Winnipeg Free Press - PRINT EDITION

TD predicts slump in city housing market

Homes overvalued nearly 10%: report

WINNIPEG house prices are overvalued by nearly 10 per cent and will undergo a modest correction over the next two years, according to a new housing report by TD Economics.

The bank says the Canadian housing market and most regional markets are in line for a correction in 2012 and 2013 as turbulent economic conditions and rising interest rates spook some homebuyers and dampen the demand for homes.

It pegs Winnipeg's average selling price at $241,000, and says it's overvalued by roughly nine per cent. It predicts the price will dip by 0.8 per cent to $238,800 in 2012 and by a further 1.4 per cent to $235,500 in 2013.
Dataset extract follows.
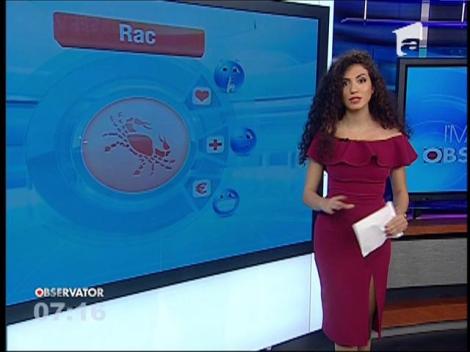 Horoscopul zilei de 03/06/2016. Leii sunt plini de energie şi nimic nu le va sta în cale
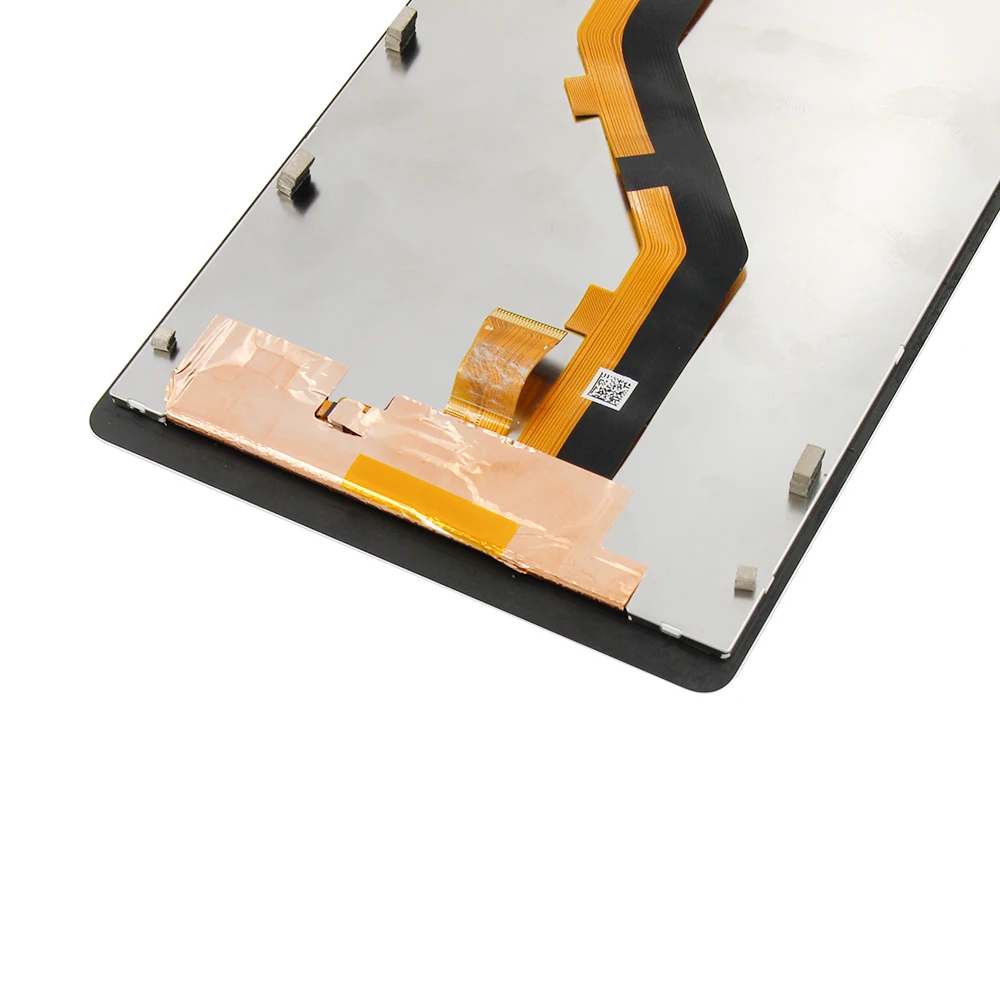 Для samsung Galaxy Tab A 8,0 SM-T290 SM-T295 T290 T295 ЖК-дисплей сенсорный экран дигитайзер стеклянная панель в сборе+ Инструменты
It also predicts mounting global economic concerns will send some local homebuyers scurrying to the sidelines in 2012, pushing down unit sales by 3.3 per cent to 11,800 units from an estimated 12,200 in 2011. And rising interest rates will keep them at that level for 2013, it adds.
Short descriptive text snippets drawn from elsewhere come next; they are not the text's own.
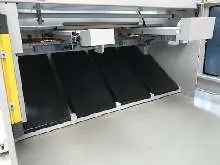 Hydraulic guillotine shear  ERMAK CNC HGS 2100-6 photo on Industry-Pilot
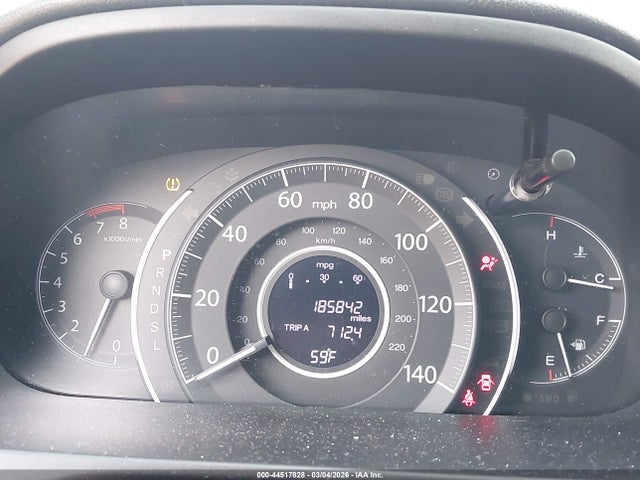 2015 HONDA CR-V 2HKRM4H79FH617414 Photo 6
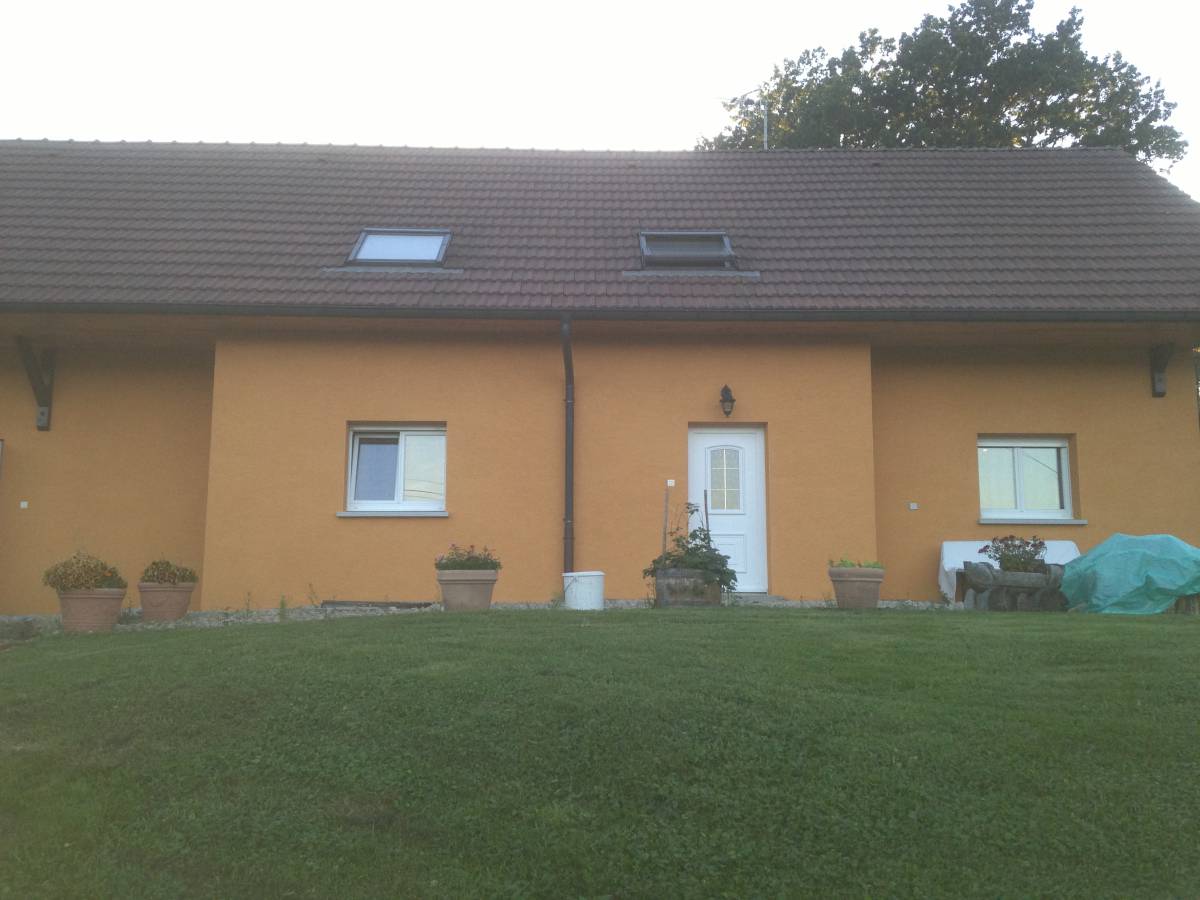 Crépissage Mulhouse 66
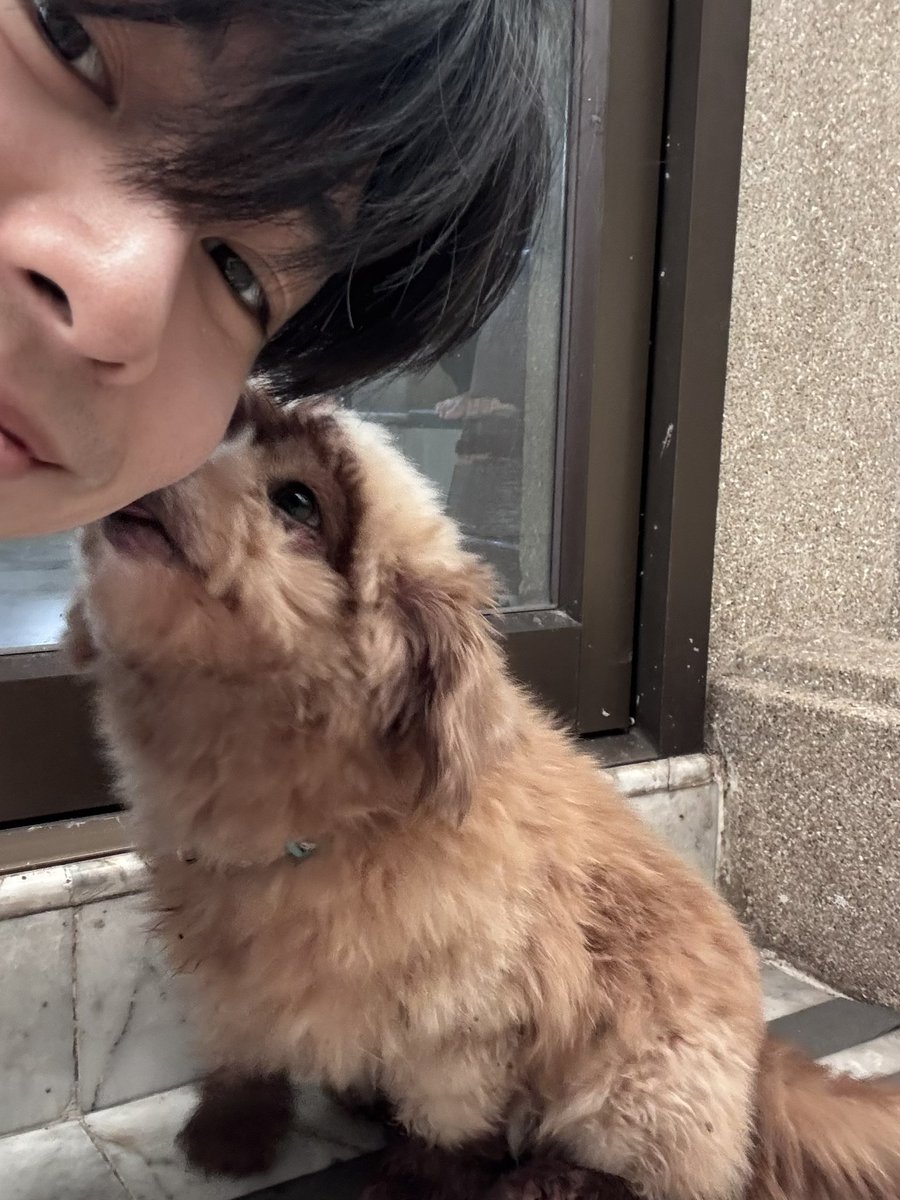 Kanompiiee's tweet photo. มีเด็กมาหอมเเจ้มมมมมมม https://t.co/1TgFk86pOc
That comes on the heels of an estimated 5.6 per cent increase in unit sales and a 5.3 per cent price hike in 2011, it says.

Thursday's forecast isn't as bleak as the one TD issued in July, when it was predicting prices and sales would both drop by about 7.8 per cent over 2012 and the first half of 2013.

The president of the Winnipeg Realtors Association wasn't buying the doom-and-gloom scenario back then, and he wasn't buying it on Thursday, either.

"I still think they're blowing smoke," Ralph Fyfe said. "I'm still of the mind the Winnipeg market is going to be very, very healthy in 2012."

Fyfe said he expects the average selling price to climb another three to four per cent next year. And he can't see sales declining, either, although he conceded a modest decline could occur in 2013 if interest rates increase.

Fyfe isn't the only one who doesn't think a price correction is in the cards for next year. A RE/Max forecast issued earlier this month also predicted a three per cent price increase for 2012.

Canada Mortgage and Housing Corp. predicted a 3.7 per cent hike in its last forecast, in November.

The new TD report says Winnipeg has enjoyed two consecutive years of "outsized" gains in prices, sales and housing starts, thanks to low interest rates, favourable economic conditions and affordable house prices.

It says the average Winnipeg household spends only about 16.9 per cent of its annual income on mortgage payments, which is nearly 10 percentage points below the national average.

It says positive net in-migration and low unemployment rates have also helped to stoke the demand for housing. But those positive influences will be overshadowed over the next couple of years by global economic turbulence, which will undermine consumer confidence, and rising interest rates, which will make homes less affordable.

While the bank is predicting tougher times ahead for Winnipeg's housing market, it paints an even bleaker picture for the Canadian housing market.

It says the national housing market will be caught up in a tug of war in 2012, with low interest rates pulling hard on one end of the rope and economic uncertainty and slow income and employment growth pulling on the other -- and the latter will win out.

Accordingly, sales are expected to fall by 2.4 per cent next year and 3.5 per cent in 2013, it said, while prices will suffer average declines of 1.9 per cent in 2012 and 3.6 per cent in 2013.

Regionally, it predicts the Calgary and Edmonton markets will weather the storm OK, but price corrections will sap the strength of the powerhouse markets in Toronto and Vancouver.

It says Saint John, which will record its fourth consecutive year of sales declines in 2011, is expected to see the best overall outcome for the period.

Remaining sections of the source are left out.